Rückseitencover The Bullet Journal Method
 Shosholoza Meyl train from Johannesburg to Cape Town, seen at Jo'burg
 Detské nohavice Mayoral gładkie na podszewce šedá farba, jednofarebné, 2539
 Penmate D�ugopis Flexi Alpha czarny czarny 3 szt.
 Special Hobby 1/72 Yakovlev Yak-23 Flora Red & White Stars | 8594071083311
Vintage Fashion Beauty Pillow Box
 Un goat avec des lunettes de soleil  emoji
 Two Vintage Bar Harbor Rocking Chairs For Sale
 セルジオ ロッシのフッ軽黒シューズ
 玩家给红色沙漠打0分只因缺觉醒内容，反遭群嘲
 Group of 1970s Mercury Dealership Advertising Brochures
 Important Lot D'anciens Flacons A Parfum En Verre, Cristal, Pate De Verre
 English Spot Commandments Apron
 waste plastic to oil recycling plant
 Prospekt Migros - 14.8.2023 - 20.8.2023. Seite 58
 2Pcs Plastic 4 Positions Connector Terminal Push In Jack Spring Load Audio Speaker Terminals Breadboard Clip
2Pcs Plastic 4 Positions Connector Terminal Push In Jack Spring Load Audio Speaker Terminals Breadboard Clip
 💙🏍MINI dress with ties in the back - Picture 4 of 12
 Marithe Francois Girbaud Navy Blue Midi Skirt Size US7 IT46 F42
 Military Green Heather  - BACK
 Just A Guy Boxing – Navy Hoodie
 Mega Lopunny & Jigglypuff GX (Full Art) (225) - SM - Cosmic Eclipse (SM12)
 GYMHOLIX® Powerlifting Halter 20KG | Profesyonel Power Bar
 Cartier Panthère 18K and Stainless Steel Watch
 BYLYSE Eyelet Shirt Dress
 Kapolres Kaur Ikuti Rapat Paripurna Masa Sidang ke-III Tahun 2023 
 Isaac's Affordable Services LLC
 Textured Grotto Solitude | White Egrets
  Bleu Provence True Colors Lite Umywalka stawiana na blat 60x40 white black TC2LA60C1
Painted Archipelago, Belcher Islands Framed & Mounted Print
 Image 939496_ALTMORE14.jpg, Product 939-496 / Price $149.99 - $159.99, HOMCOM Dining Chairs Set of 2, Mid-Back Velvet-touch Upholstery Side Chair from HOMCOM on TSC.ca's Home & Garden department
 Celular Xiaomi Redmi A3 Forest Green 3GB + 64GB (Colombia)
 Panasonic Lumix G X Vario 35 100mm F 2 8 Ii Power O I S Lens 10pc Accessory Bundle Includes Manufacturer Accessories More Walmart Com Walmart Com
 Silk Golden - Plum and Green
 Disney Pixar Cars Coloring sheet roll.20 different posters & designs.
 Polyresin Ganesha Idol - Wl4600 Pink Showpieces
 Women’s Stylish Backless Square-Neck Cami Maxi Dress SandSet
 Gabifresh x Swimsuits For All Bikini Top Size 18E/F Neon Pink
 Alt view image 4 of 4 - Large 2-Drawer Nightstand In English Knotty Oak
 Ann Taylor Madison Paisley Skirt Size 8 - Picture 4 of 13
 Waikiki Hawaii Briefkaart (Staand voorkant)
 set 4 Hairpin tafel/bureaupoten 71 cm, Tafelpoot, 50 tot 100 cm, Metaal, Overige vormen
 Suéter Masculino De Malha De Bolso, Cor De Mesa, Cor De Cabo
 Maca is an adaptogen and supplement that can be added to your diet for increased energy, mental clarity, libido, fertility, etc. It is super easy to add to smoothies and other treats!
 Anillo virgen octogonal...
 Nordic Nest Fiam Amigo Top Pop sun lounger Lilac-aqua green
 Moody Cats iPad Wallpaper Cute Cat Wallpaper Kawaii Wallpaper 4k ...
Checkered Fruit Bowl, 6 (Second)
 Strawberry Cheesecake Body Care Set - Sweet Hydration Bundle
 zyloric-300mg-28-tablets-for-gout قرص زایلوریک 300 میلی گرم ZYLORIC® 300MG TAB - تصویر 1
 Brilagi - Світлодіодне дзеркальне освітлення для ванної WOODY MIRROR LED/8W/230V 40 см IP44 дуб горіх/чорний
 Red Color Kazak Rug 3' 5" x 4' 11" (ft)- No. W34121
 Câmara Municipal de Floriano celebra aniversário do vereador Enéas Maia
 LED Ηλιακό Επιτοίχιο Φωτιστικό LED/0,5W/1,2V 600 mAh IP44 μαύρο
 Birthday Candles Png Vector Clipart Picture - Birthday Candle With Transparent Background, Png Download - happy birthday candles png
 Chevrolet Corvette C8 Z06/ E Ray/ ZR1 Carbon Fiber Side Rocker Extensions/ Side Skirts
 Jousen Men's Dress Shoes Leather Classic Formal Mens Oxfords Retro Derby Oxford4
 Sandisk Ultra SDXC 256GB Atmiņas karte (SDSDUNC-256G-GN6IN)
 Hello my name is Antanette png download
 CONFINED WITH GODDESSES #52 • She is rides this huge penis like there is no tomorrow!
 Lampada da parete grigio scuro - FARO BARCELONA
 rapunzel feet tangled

# # # # # # #

Assignment ->
Give back exactly what runs from the first line of the listing above to the line that contains "Celular Xiaomi Redmi", keeping both end lines.

Response box ->
Rückseitencover The Bullet Journal Method
 Shosholoza Meyl train from Johannesburg to Cape Town, seen at Jo'burg
 Detské nohavice Mayoral gładkie na podszewce šedá farba, jednofarebné, 2539
 Penmate D�ugopis Flexi Alpha czarny czarny 3 szt.
 Special Hobby 1/72 Yakovlev Yak-23 Flora Red & White Stars | 8594071083311
Vintage Fashion Beauty Pillow Box
 Un goat avec des lunettes de soleil  emoji
 Two Vintage Bar Harbor Rocking Chairs For Sale
 セルジオ ロッシのフッ軽黒シューズ
 玩家给红色沙漠打0分只因缺觉醒内容，反遭群嘲
 Group of 1970s Mercury Dealership Advertising Brochures
 Important Lot D'anciens Flacons A Parfum En Verre, Cristal, Pate De Verre
 English Spot Commandments Apron
 waste plastic to oil recycling plant
 Prospekt Migros - 14.8.2023 - 20.8.2023. Seite 58
 2Pcs Plastic 4 Positions Connector Terminal Push In Jack Spring Load Audio Speaker Terminals Breadboard Clip
2Pcs Plastic 4 Positions Connector Terminal Push In Jack Spring Load Audio Speaker Terminals Breadboard Clip
 💙🏍MINI dress with ties in the back - Picture 4 of 12
 Marithe Francois Girbaud Navy Blue Midi Skirt Size US7 IT46 F42
 Military Green Heather  - BACK
 Just A Guy Boxing – Navy Hoodie
 Mega Lopunny & Jigglypuff GX (Full Art) (225) - SM - Cosmic Eclipse (SM12)
 GYMHOLIX® Powerlifting Halter 20KG | Profesyonel Power Bar
 Cartier Panthère 18K and Stainless Steel Watch
 BYLYSE Eyelet Shirt Dress
 Kapolres Kaur Ikuti Rapat Paripurna Masa Sidang ke-III Tahun 2023 
 Isaac's Affordable Services LLC
 Textured Grotto Solitude | White Egrets
  Bleu Provence True Colors Lite Umywalka stawiana na blat 60x40 white black TC2LA60C1
Painted Archipelago, Belcher Islands Framed & Mounted Print
 Image 939496_ALTMORE14.jpg, Product 939-496 / Price $149.99 - $159.99, HOMCOM Dining Chairs Set of 2, Mid-Back Velvet-touch Upholstery Side Chair from HOMCOM on TSC.ca's Home & Garden department
 Celular Xiaomi Redmi A3 Forest Green 3GB + 64GB (Colombia)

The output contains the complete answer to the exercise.